Luego los libros circulaban. Partiendo del suelo de lo nuevo a los tableros en la que continuamente surgían huecos, a uno u otro lado, adentro si no cabían ya, esperando para otro rato que siempre era muy pronto. Nada duraba en los tableros. Alguno más caro o difícil de vender al mostrador, del que costaba que saliese. El mostrador del puesto de Riudavets era tan inmóvil como rápido y ligero era lo de fuera.

Por último, el domingo, todo lo de 1 se ponía a saldo y a las 2 o 2,30 venía una camioneta a llevarse lo que no se había vendido de esa parte. Así el puesto aguantaba tantas visitas como quisieras hacerle, siempre había mucho nuevo.

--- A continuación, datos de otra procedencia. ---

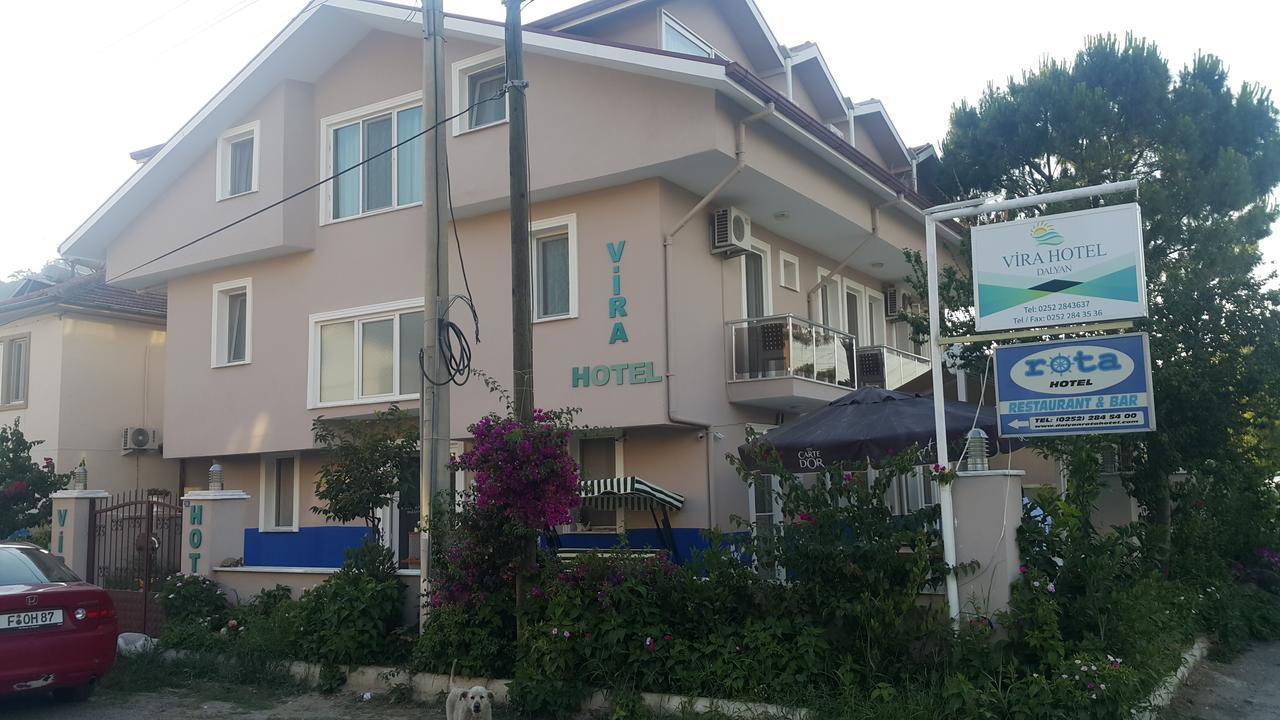 Vira Hotel Dalyan Exterior foto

Estos son los rudimentos, y ni siquiera estoy seguro de que fuera siempre así, porque mezclo retazos de días, meses y años diferentes. Iba mucho pero no me pasaba la mañana tomando notas, soy librófilo pero no completamente imbécil. Habría que preguntar a sus ayudantes o a sus vecinos. Pero bueno, algo así era la mecánica. Evidentemente habría que estar dentro de la cabeza de Riudavets para saber el paso mejor, el de la selección inmediata de cada libro para identificar precio, si era de 1 euro, de 2, de 5, de 20. O si lo apartaba (“Perdone, Don Alfonso, ¿podría ver ese libro?” “No, no, este no está.”). Hoy, los libreros y casi todos los compradores de libros nos abalanzamos a comparar en el móvil con el precio en iberlibro. ¡Dios nos libre! Creo que a Alfonso le hubiera dado un mal solo de pensarlo. Y a mí me da una vergüenza tan grande que casi siempre consigo evitarlo.

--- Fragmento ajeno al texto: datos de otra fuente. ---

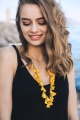 Buy Stunning Solid Tassel Chain Necklace Bulk | Fashion Jewelries Wholesale Supplier | Leto Wholesale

No sé nada o casi nada del otro gran asunto, digamos la cocina de un librero de viejo. Dicen que tenía medio millón de libros en varios almacenes. No me parece tanto. Sé que compraba todo lo que había en una casa, no como tanto librero seleccionador. Supongo que las enciclopedias y así las tiraba pero no estoy seguro. En los últimos años creo que ni iba a la mayoría de las casas, mandaba a un transportista con el que tendría sus trueques y conocería parte del proceso. Me gustaría ver el orden de esos almacenes y la lógica de lo que se sacaba, pero me temo que no había, quizá solo un cierto azar y técnica de mezcla de librero con olfato. Pero cómo explicar y definir ese olfato que notabas cada día delante de su puesto. Un puesto de libros de lance tiene que ser variado, tiene que hacer brillar la palabra ocasión como polisemia de encuentro, suerte y coincidencia, y tiene que parecer siempre diferente. Alfonso conocía muy bien su oficio.

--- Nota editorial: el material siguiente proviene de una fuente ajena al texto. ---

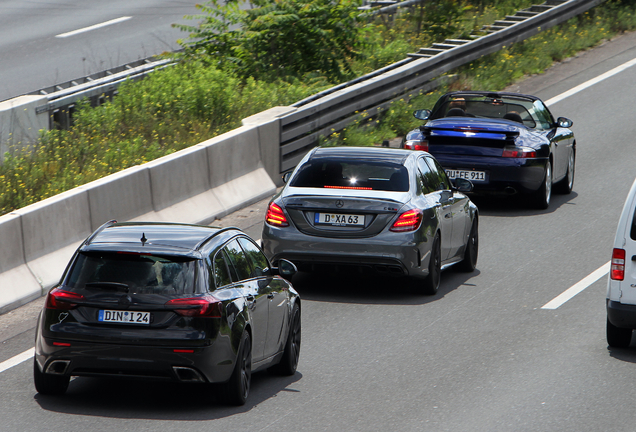 Mercedes-AMG C 63 S W205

Dejo de escribir estos trazos inconexos porque son las 3 de la mañana y ya basta. No conocí a Alfonso Riudavets, pero le hubiera reconocido de espaldas. Le oí hablar de futbol y de Franco. Le oía refunfuñar y quejarse. Cabrearse a veces, no tantas como podía parecer, sobre todo cuando le fotografiaban como algo pintoresco o entendía, de ese modo tan tangencial suyo, que le estaban faltando al respeto. Hablé con él quinientas palabras en 30 años, en general después de varios miles de “Buenos días, Don Alfonso”. Solo una vez me pidió ver lo que me llevaba “para saber lo que compra usted” y fue evidente que no le impresioné. Un día, cuando mencioné que un libro estaba sin cortar me dijo con dulzura y brillo en los ojos que se decía intonso y yo hice como si fuera un descubrimiento. Una vez, lo juro, me propuso que le pagara la siguiente vez que pasase por el puesto, cosa que hice con conciencia de ladronzuelo, porque tras la pesca del día descubrí con horror que no tenía un duro en la cartera. Otras cien veces me tocó ir corriendo al cajero, claro, porque a veces ni te permitía apartarlos. Un día de chirimiri, con 15 libros grandes (alguno caro) en mis redes a la hora de cierre, me dijo que acababa de pedir un taxi y que me llevaba, que ya sabía que vivía cerca y que esos libros se iban a mojar. Así que ahí fui, en taxi por la cuesta peatonal y luego infanta isabel arriba, con él y con Conchita (otra librera de recuerdo) apretujados detrás.

No conocí de cerca a Alfonso Riudavets, pero no le olvidaré, y me costará pasar por el número 15 de Moyano a ver si el siguiente inquilino intenta eso tan fácil de seguir con su modelo o prefiere joder el hechizo de cualquier otra forma posible o imposible.

Descanse usted en paz y gracias, Don Alfonso.